= Bioeffector =

A bioeffector is a viable microorganism or active natural compound which directly or indirectly affects plant performance (biofertilizer), and thus has the potential to reduce fertilizer and pesticide use in crop production.

== Types ==
Bioeffectors directly or indirectly affect plant performance by influencing the functional implementation or activation of biological mechanisms, particularly those interfering with soil-plant-microbe interactions.
In contrast to conventional fertilizers and pesticides, the effectiveness of bioeffectors is not based on a substantial direct input of mineral plant nutrients, either in inorganic or organic forms.

- Products in use are:
  - Microbial residues,
  - Composting and fermentation products,
  - Plant and algae extracts
- Bioeffector-preparations (bio-agents) as ready-formulated products are applied:
  - to stimulate plant growth (bio-stimulants),
  - to improve plant nutrient acquisition (bio-fertilizers),
  - to protect plants from pathogens and pests (bio-control agents)
  - or generally to advance cropping efficiency; they can contain one or more bio-effectors along with other substances”
- Well-established bioeffectors with documented positive results at the field level are:
  - Rhizobia strains for soil or seed inoculation as a prerequisite for symbiotic N2-fixation when establishing new legume species or varieties.
  - positive effects of mycorrhiza inoculation for soils with a (temporarily) low potential for natural root mycorrhization.
  - sufficient mycorrhization enhances nutrient (P) and water uptake and increases resistance to pathogenic fungi.
- Further mechanisms for the positive impact of bioeffectors on plant growth have postulated, promising a high potential for resource preservation due to reduction of fertiliser and pesticide use:
  - Active nutrient mobilisation by exudation of acids and carboxylates (e.g.
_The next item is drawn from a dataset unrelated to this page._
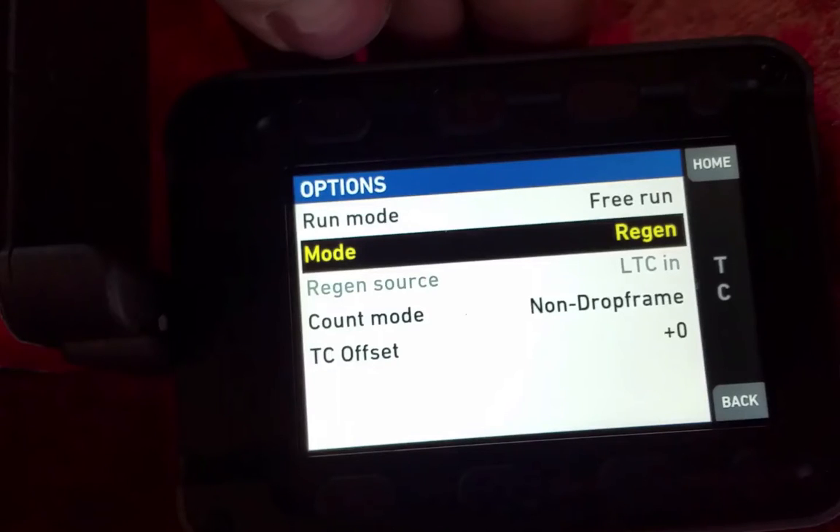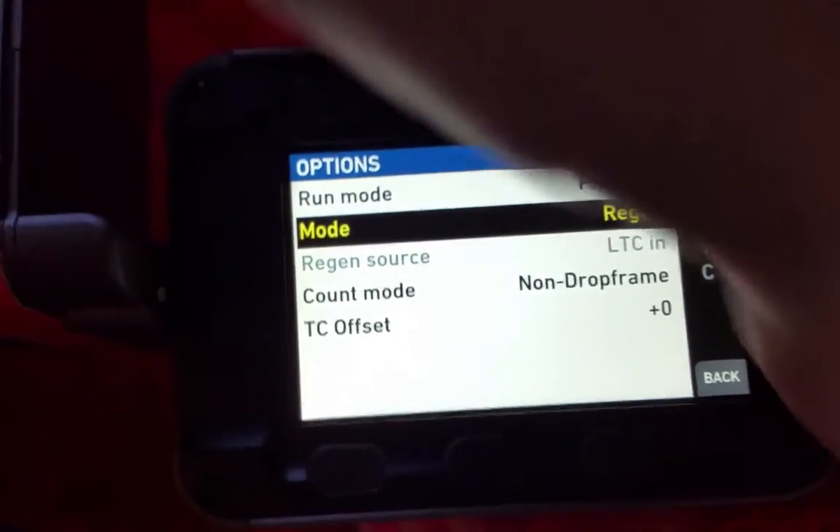Sometimes you can put it into regen and then put it back into preset if things are going a bit funky. But otherwise everything else should be fine: non-drop frames, no timecode offset, and everything should be good.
P-mobilisation),
  - exudation of micro-nutrient mobilising siderophores/chelates (e.g. Fe^{3+}),
  - reduction of trace elements from less soluble oxidised to highly soluble reduced forms (e.g., Fe^{3+} to Fe^{2+}, Mn^{4+} to Mn^{2+}),
  - associative/non-symbiotic N_{2}-fixation, protective antagonism to plant pathogens,
  - enhancement of mycorrhizal infection and growth, and stimulating hormonal effects.

== Research and Public Dissemination ==
Under the Acronym Biofector the European Union supported the Research of Bioeffectors under the leadership of the University of Hohenheim. Coordinator Guenter Neumann, Projectmembers: Jiří Balík, Borbala Biro, Karl Fritz Lauer, Uwe Ludewig, Torsten Müller, Alessandro Piccolo, Manfred G. Raupp, Kornelia Smalla, Pavel Tlustoš, Markus Weinmann. The results of the project are summarized in the project final report.

Other Biostimulants Organisations are European Biostimulant Industry Council, International Biocontrol Manufacturers' Association and Annual Biocontrol Industry Meeting.